If you add strings repeatedly using +=you do notoptimize away the O(n^2)cost of creating incrementally longer strings. So for adding one or two you won't see a difference, but it doesn't scale; by the time you get to adding 100 (short) strings, using a StringBuilder is over 20x faster. (Precise data: 1.3 us vs. 27.1 us to add the string representations of the numbers 0 to 100; timings should be reproducible to about += 5% and of course are for my machine.)
如果使用重复添加字符串+=,则不会优化O(n^2)创建增量更长字符串的成本。因此,添加一两个您不会看到差异,但它不会扩展;到添加 100 个(短)字符串时,使用 StringBuilder 的速度要快 20 倍以上。(精确数据:1.3 us vs. 27.1 us 添加数字 0 到 100 的字符串表示;时间应该可重现到大约 += 5%,当然适用于我的机器。)
Using ++=on a varStringis far far worse yet, because you are then instructing Scala to treat a string as a character-by-character collection which then requires all sorts of wrappers to make the String look like a collection (including boxed character-by-character addition using the generic version of ++!). Now you're 16x slower again on 100 additions! (Precise data: 428.8 us for ++=on a var string instead of +='s 26.7 us.)
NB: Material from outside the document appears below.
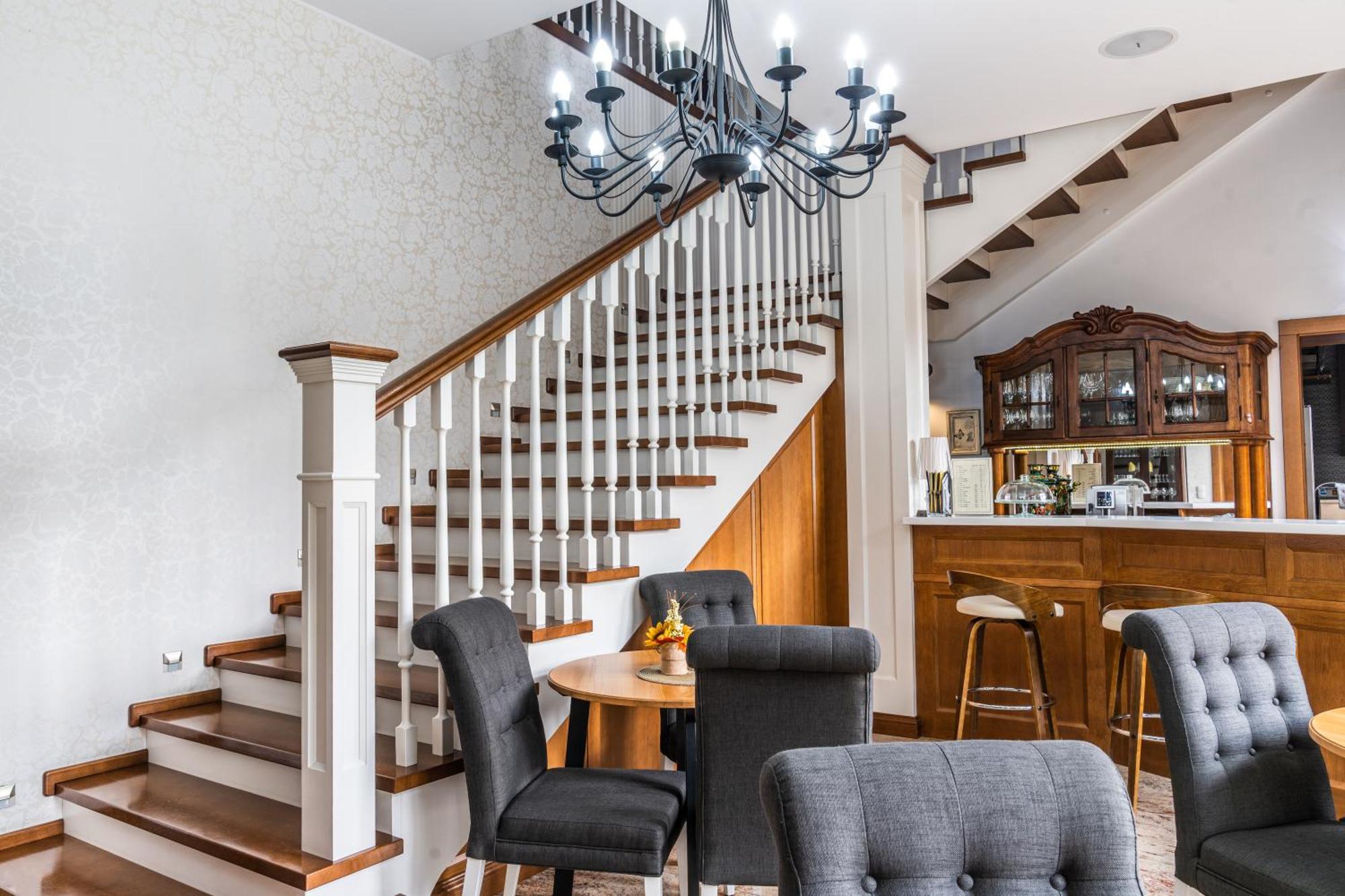 Biala Koszula Hotel เตลน ภายนอก รูปภาพ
++=在 avarString上使用要糟糕得多,因为您然后指示 Scala 将字符串视为逐个字符的集合,然后需要各种包装器使 String 看起来像一个集合(包括装箱的逐个字符另外使用++!的通用版本。现在,添加 100 次后,您的速度再次慢了 16 倍!(精确数据:428.8 us 用于++=var 字符串,而不是+=26.7 us。)
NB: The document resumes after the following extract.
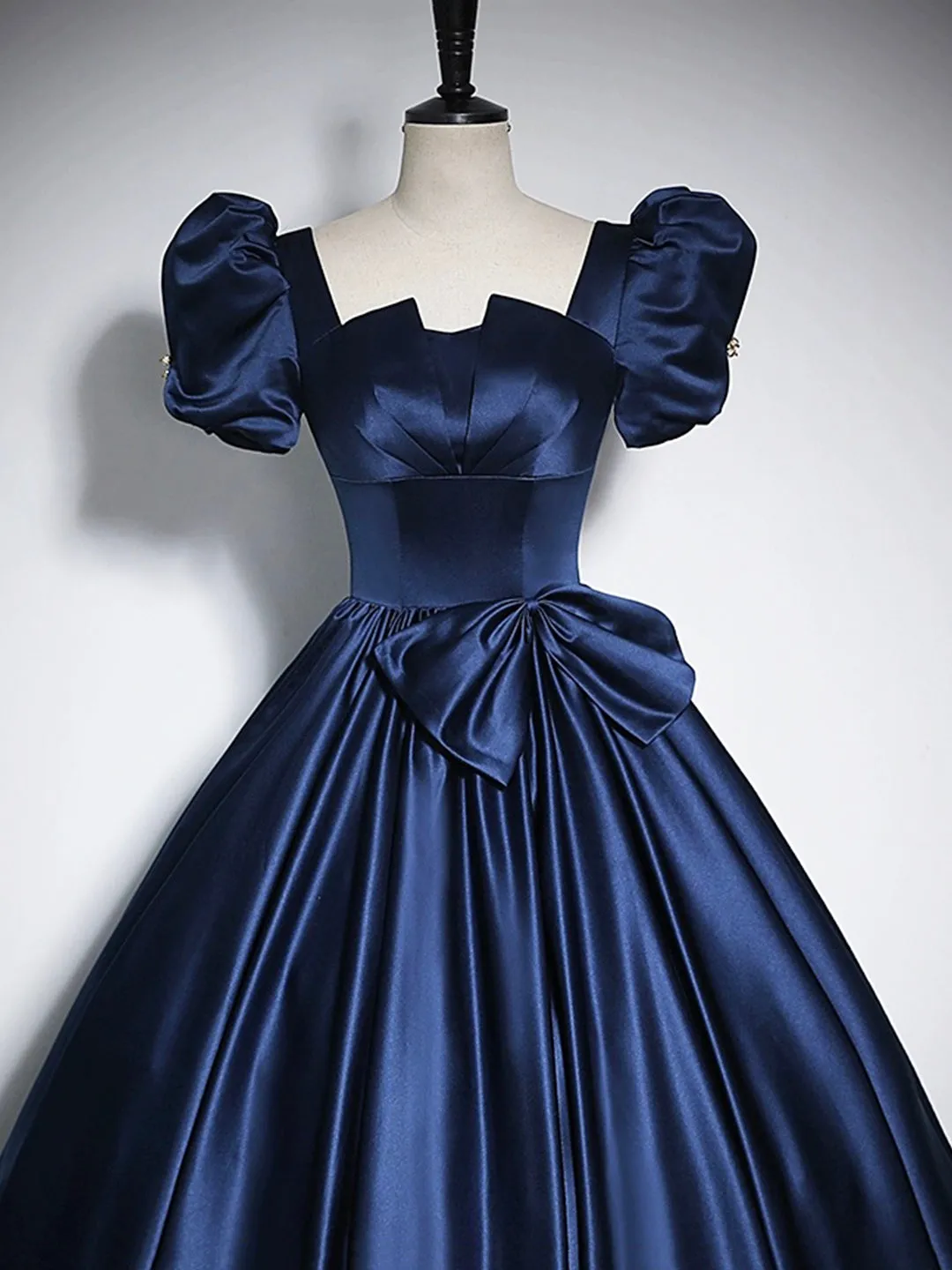 Elegant Blue Satin Floor-Length Prom Dresses Square Neckline Puffy Short Sleeve Bow Formal Dresses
If you write a single statement with a bunch of +es then the Scala compiler will use a StringBuilder and end up with an efficient result (Data: 1.8 us on non-constant strings pulled out of an array).
如果你用一堆+es编写一条语句,那么 Scala 编译器将使用 StringBuilder 并最终得到一个有效的结果(数据:1.8 us 在从数组中拉出的非常量字符串上)。
So, if you add strings with anything other than +in line, and you care about efficiency, use a StringBuilder. Definitely don't use ++=to add another Stringto a varString; there just isn't any reason to do it, and there's a big runtime penalty.
因此,如果您添加除+in 行以外的任何字符串,并且您关心效率,请使用StringBuilder. 绝对不要用++=另一个添加String到varString; 只是没有任何理由这样做,并且有很大的运行时间损失。
(Note--very often you don't care at all how efficient your string additions are! Don't clutter your code with extra StringBuilders unless you have reason to suspect that this particular code path is getting called a lot.)
(注意——通常你根本不在乎你的字符串添加的效率有多高!不要用额外的StringBuilders把你的代码弄乱,除非你有理由怀疑这个特定的代码路径被调用了很多。)